▶ **Requirement**
Restate every record exactly as it is written, while omitting the pictures it holds.

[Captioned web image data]
• • • •
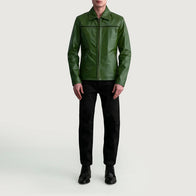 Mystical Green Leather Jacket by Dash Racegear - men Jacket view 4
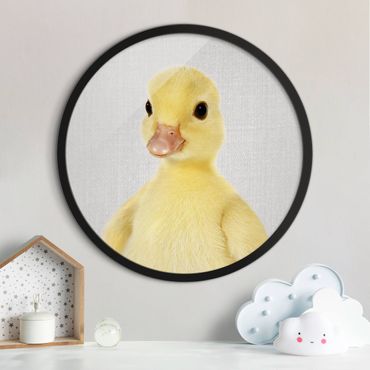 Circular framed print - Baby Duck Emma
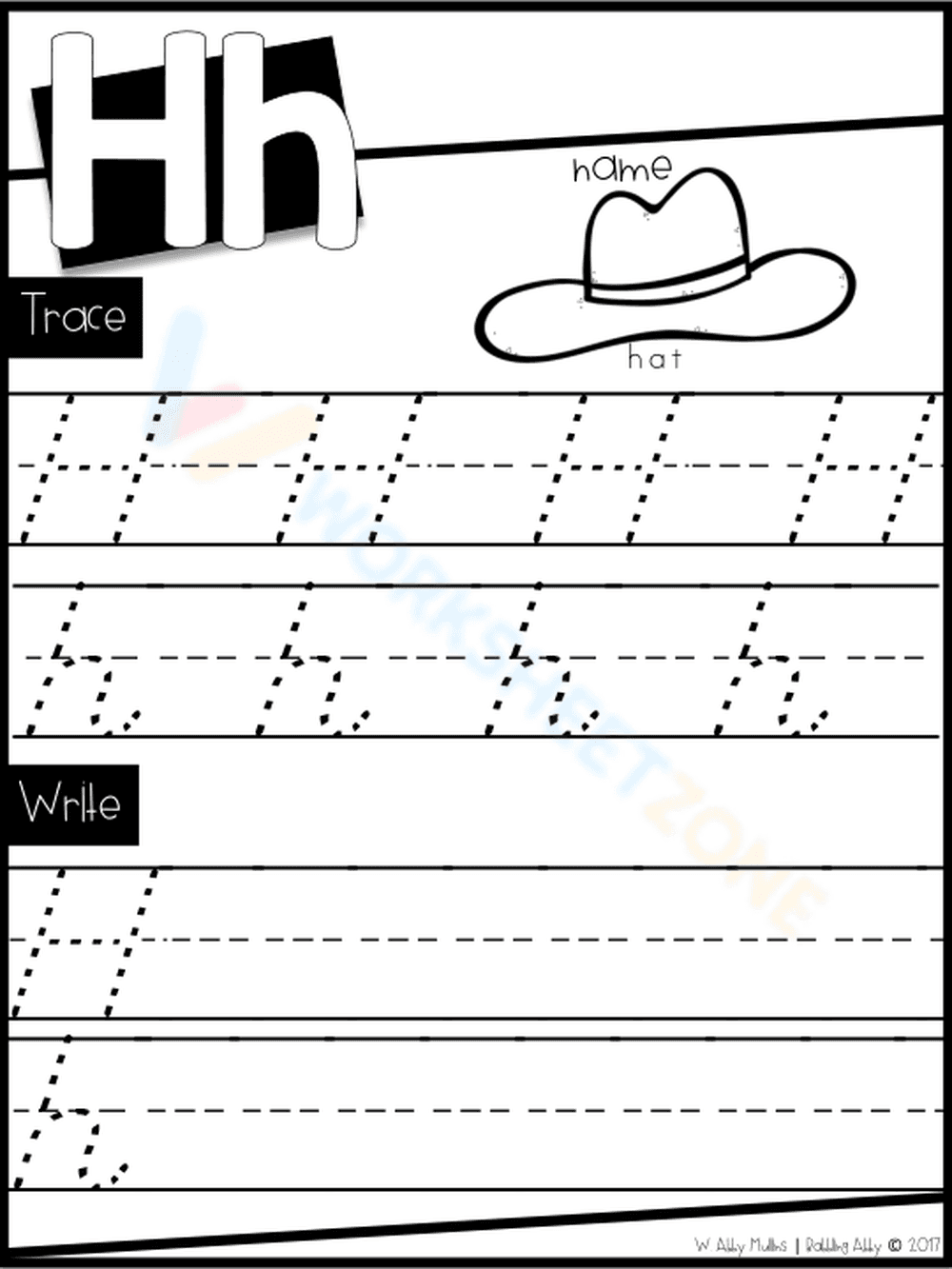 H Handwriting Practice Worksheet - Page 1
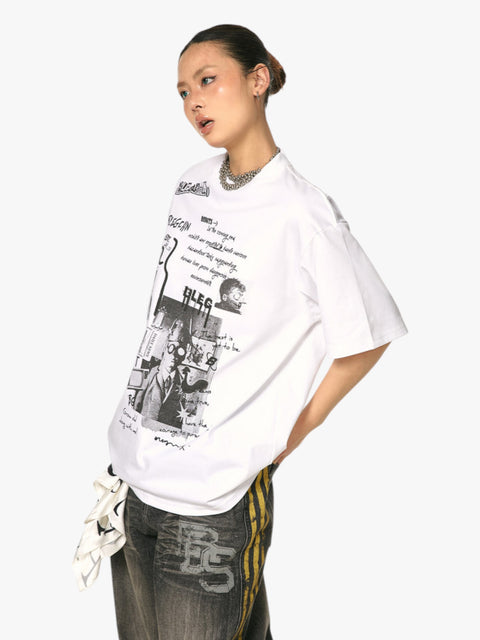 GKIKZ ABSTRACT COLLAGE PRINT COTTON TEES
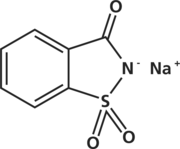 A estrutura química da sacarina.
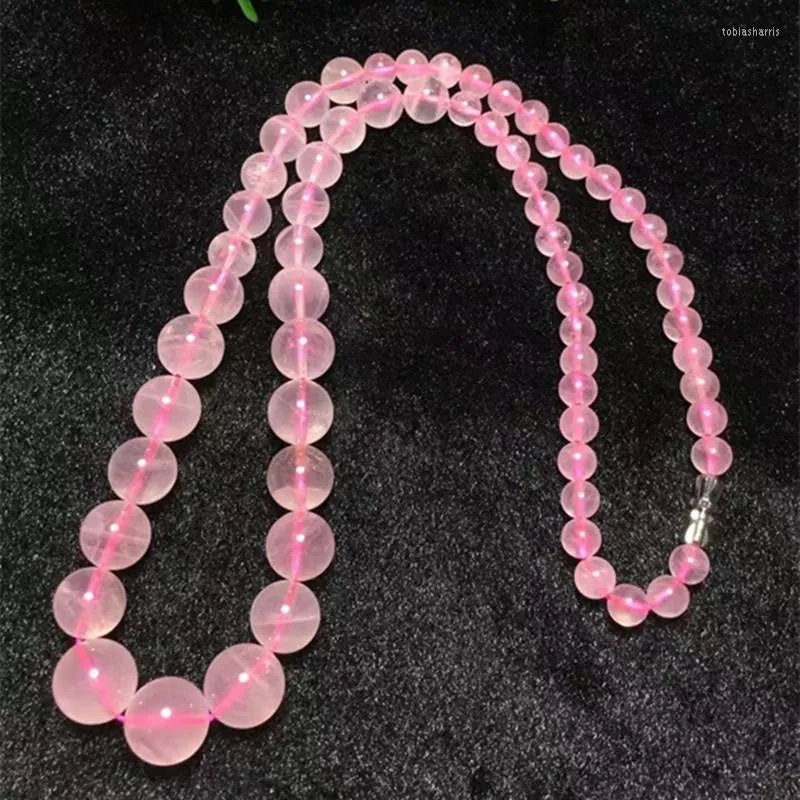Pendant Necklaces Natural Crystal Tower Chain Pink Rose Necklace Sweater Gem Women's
• • • •
▶ **Solution to the exercise**
 Mystical Green Leather Jacket by Dash Racegear - men Jacket view 4
 Circular framed print - Baby Duck Emma
 H Handwriting Practice Worksheet - Page 1
 GKIKZ ABSTRACT COLLAGE PRINT COTTON TEES
 A estrutura química da sacarina.
Pendant Necklaces Natural Crystal Tower Chain Pink Rose Necklace Sweater Gem Women's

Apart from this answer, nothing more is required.